Exercise >>
Report every line in the listing below where the string "Black" shows up.

:: Recorded data

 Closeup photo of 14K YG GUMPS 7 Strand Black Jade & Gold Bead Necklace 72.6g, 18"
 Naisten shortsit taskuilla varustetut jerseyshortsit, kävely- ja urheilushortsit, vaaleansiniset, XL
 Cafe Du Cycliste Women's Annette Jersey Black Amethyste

::::
:: Recorded data

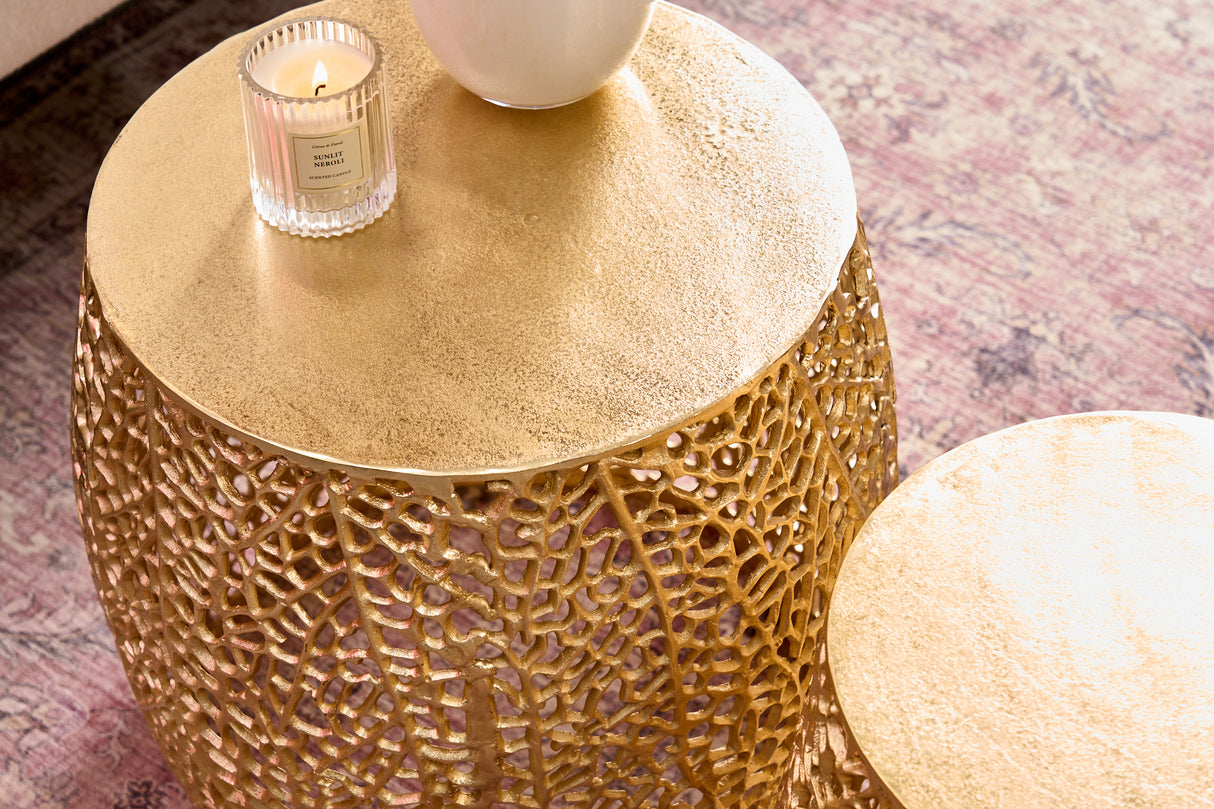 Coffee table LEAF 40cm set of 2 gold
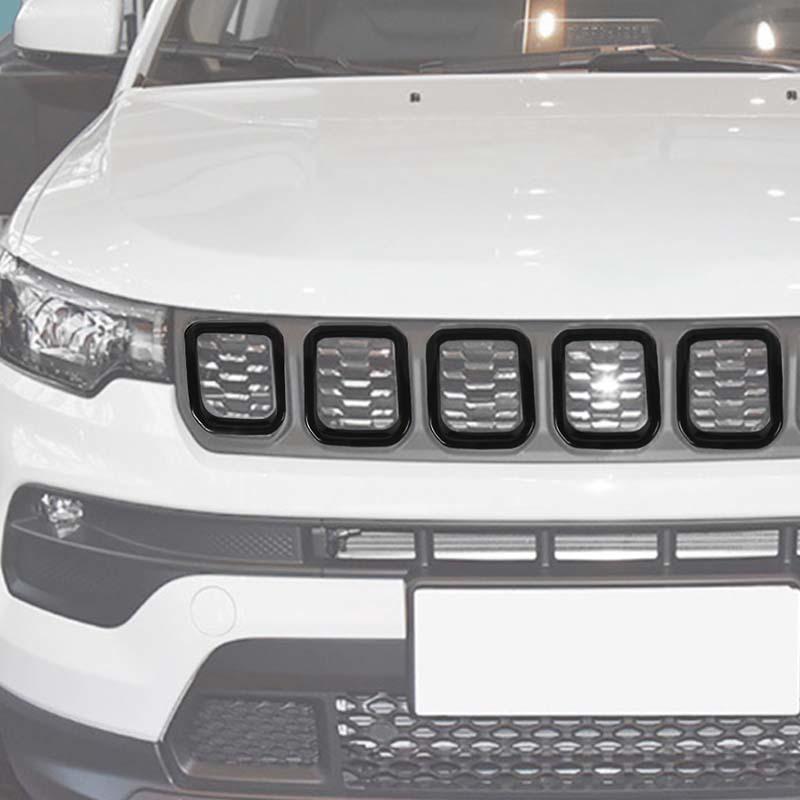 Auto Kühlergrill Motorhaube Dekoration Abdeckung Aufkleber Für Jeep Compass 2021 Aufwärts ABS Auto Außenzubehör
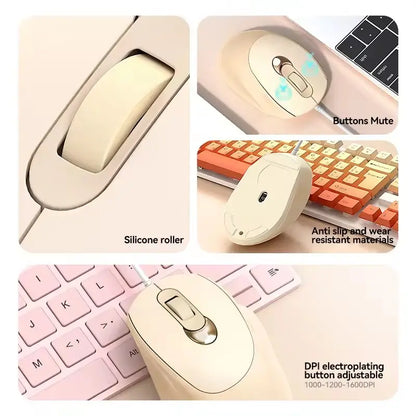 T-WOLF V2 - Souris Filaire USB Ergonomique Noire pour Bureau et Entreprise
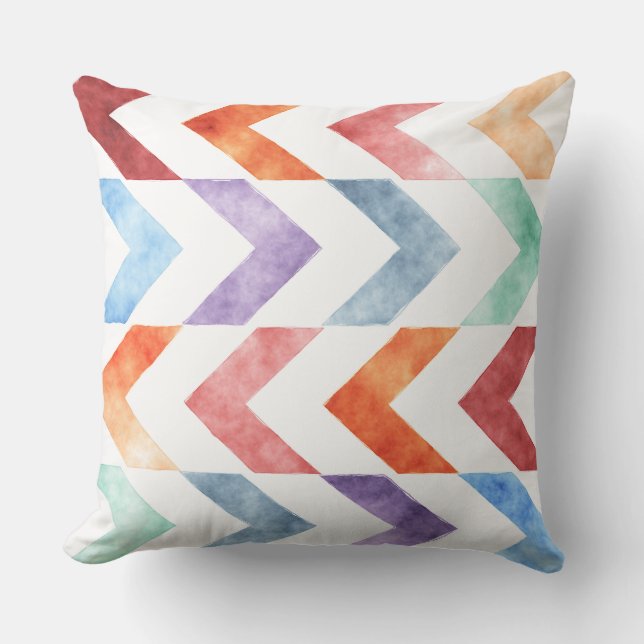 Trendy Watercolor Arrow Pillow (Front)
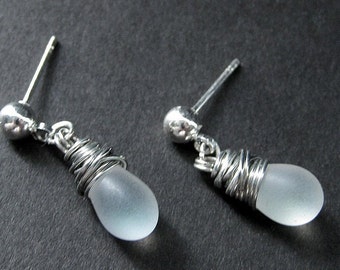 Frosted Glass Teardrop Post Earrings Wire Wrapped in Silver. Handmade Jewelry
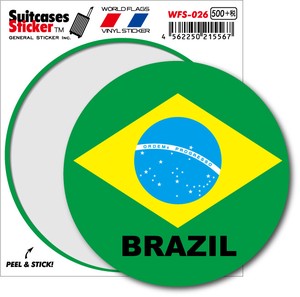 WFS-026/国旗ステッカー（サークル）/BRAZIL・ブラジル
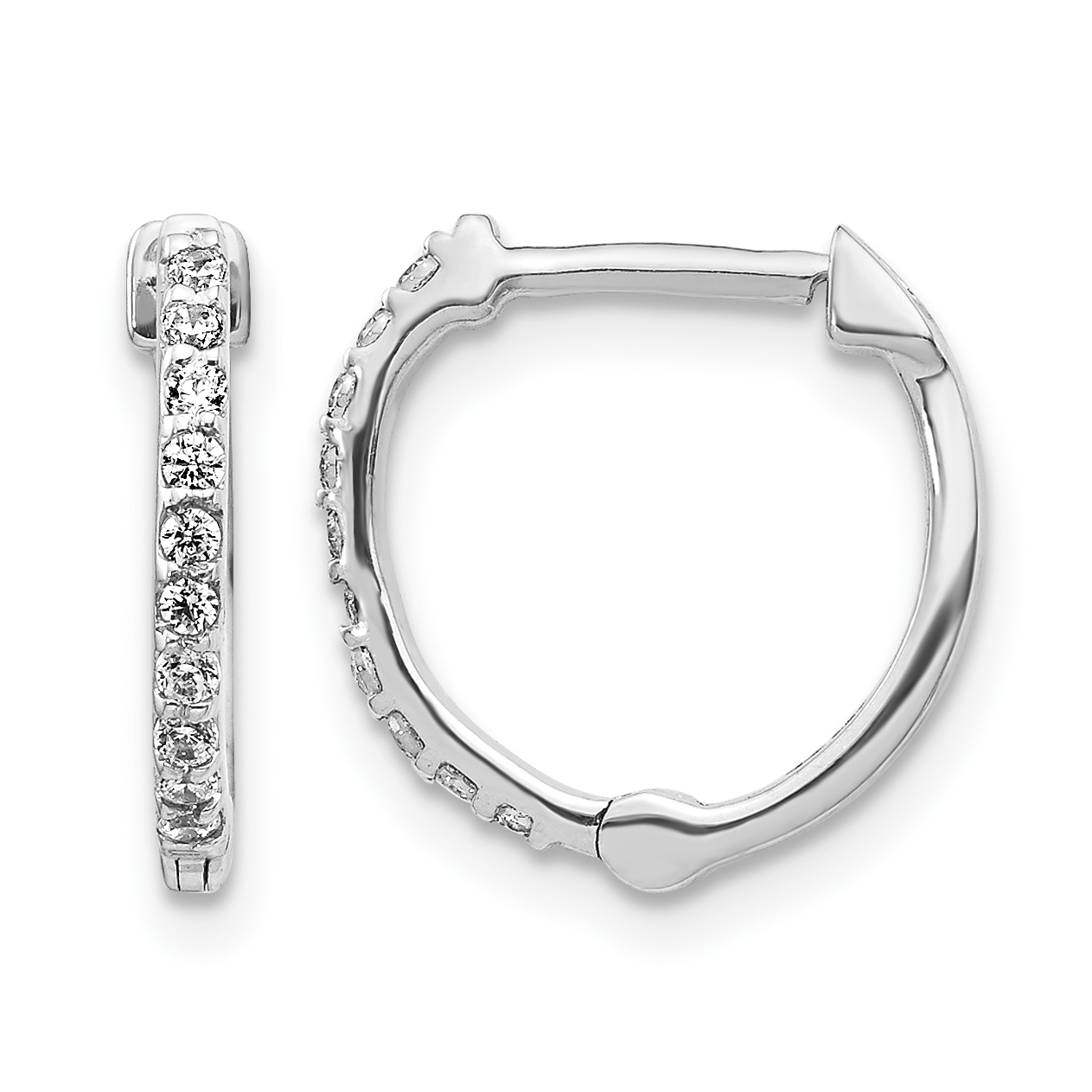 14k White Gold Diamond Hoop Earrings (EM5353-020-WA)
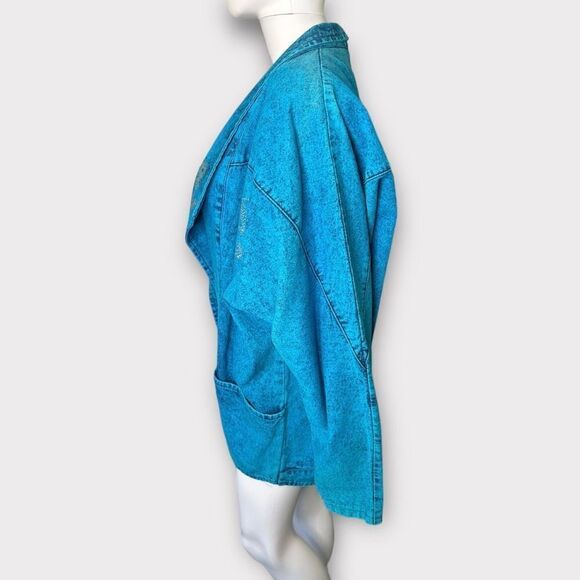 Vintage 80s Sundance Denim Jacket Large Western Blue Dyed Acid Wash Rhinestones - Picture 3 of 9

::::

Solved problem >>
 Closeup photo of 14K YG GUMPS 7 Strand Black Jade & Gold Bead Necklace 72.6g, 18"
 Cafe Du Cycliste Women's Annette Jersey Black Amethyste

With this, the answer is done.